The Aerovons were an American rock band from St Louis, Missouri formed in 1966.

History
They were formed in 1966 in St Louis, Missouri by Tom Hartman. 

A 1967 demo record was heard by a representative of Capitol Records. In spite of an offer to record in Los Angeles, the group held out hope that they could record in London, the recording home of their heroes, The Beatles. In 1968 they traveled to London twice, receiving offers from both EMI and Decca. In 1969, the band returned to London and recorded an album at EMI studios, now known as Abbey Road.

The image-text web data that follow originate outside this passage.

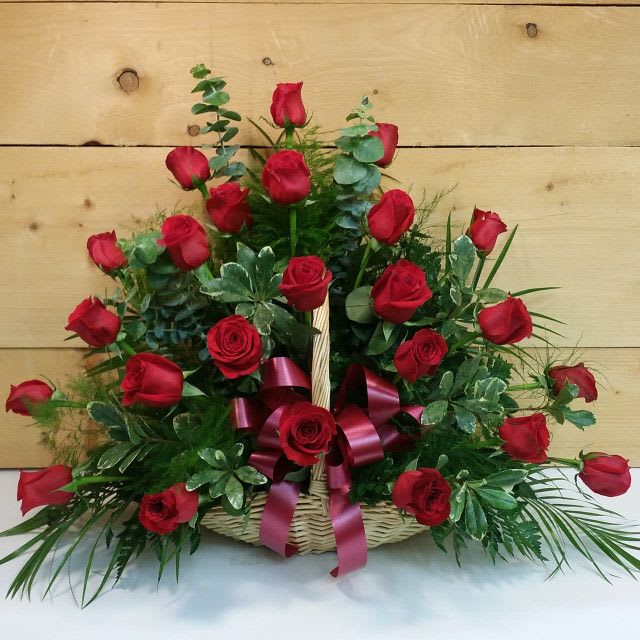 Basket arrangement of red roses with greenery and a burgundy ribbon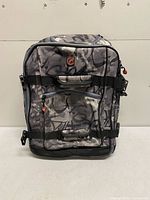 Front view of rolling backpack suitcase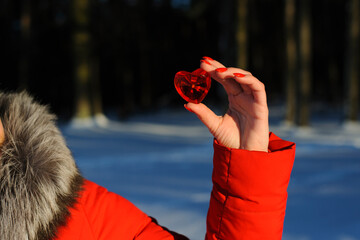 heart in hand. Red heart in a woman's hand, on a white background. girl holding a heart on a background of snow, winter forest, close-up. concepts of love, friendship, romance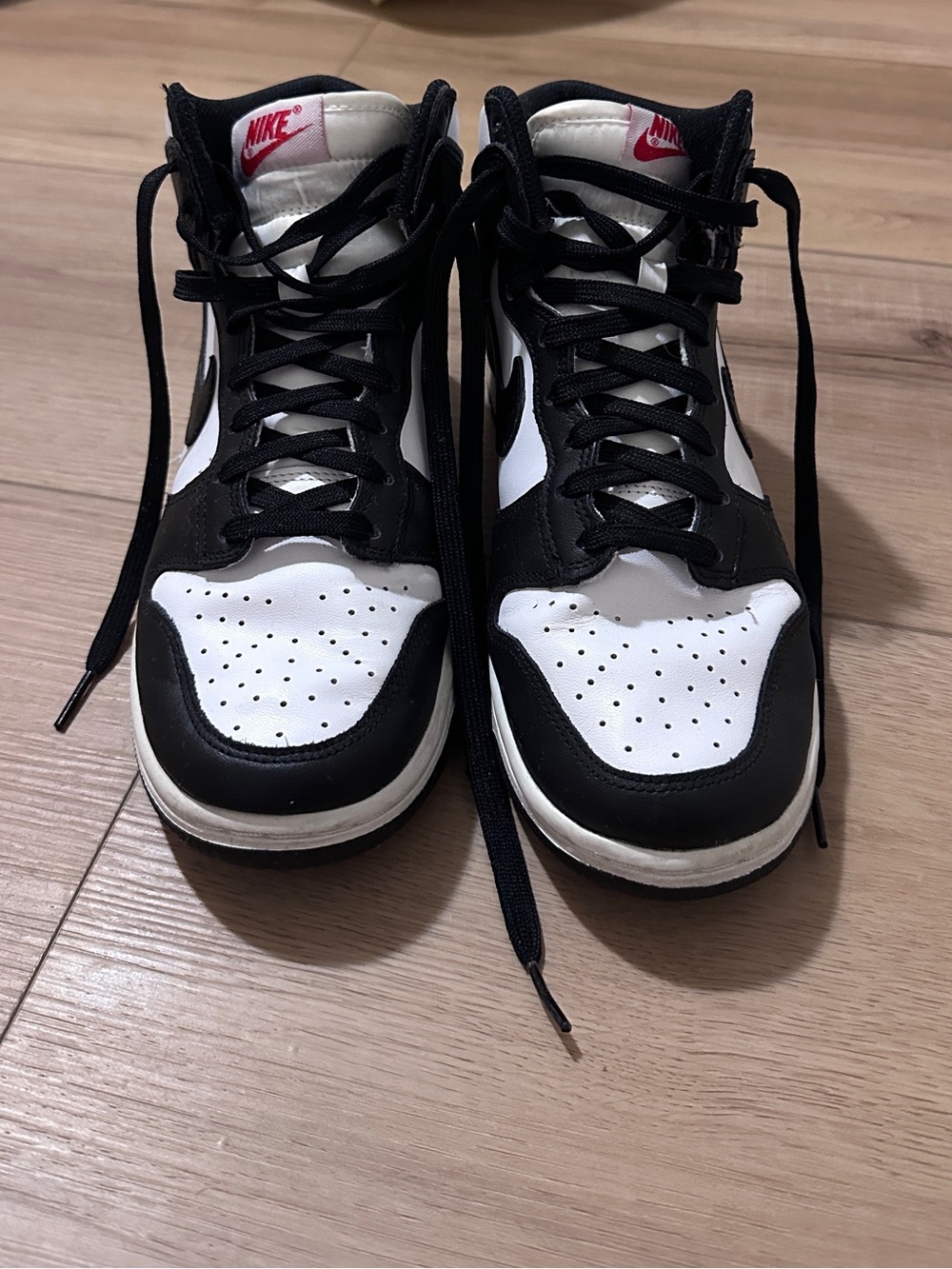 Nike Black and White High-Top Sneakers with Pink Logo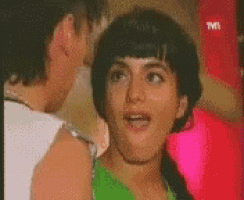 a man and a woman are standing next to each other and the woman is wearing a green top .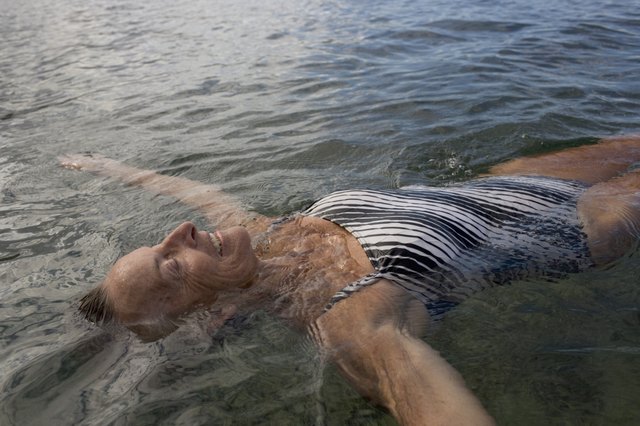 Senior woman floating in pool, arms outstretched, smiling, close-up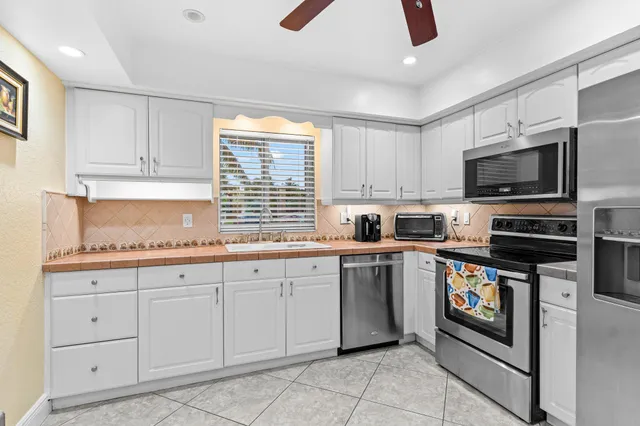 a kitchen with cabinets appliances and a window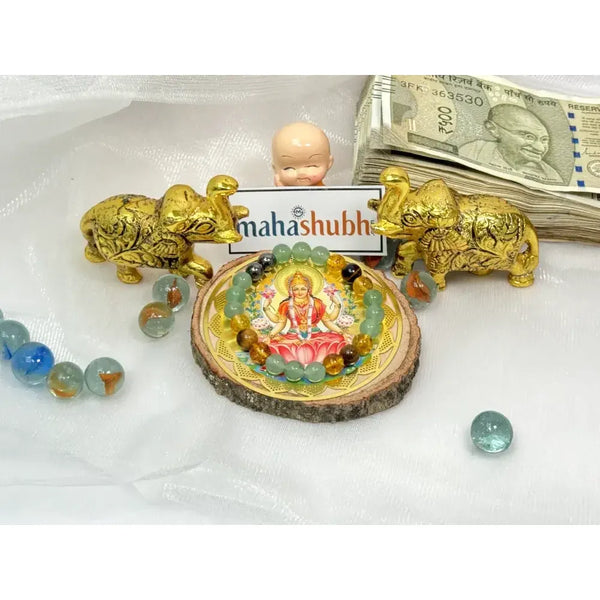 Decorative item with a statue, gold lions, and money on a white surface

Guitarist Bob Frank, an original member of the band, left the group just before they went to London to record, due to personal issues. He was replaced briefly by Phil Edholm, a guitarist introduced to the group only a few months before leaving for England. Unfortunately, he did not work out as well 
and was released by the group soon after arriving in England.

Once the album was finished, the band returned to St. Louis where more personal problems between a group member and his family caused the group to splinter. EMI decided not to release the album.  EMI invited Tom Hartman to come to England and restart, but Hartman felt that moving to England was too great a step at his age. The partnership with EMI was then dissolved. The album was not released until a CD release in 2003 by RPM.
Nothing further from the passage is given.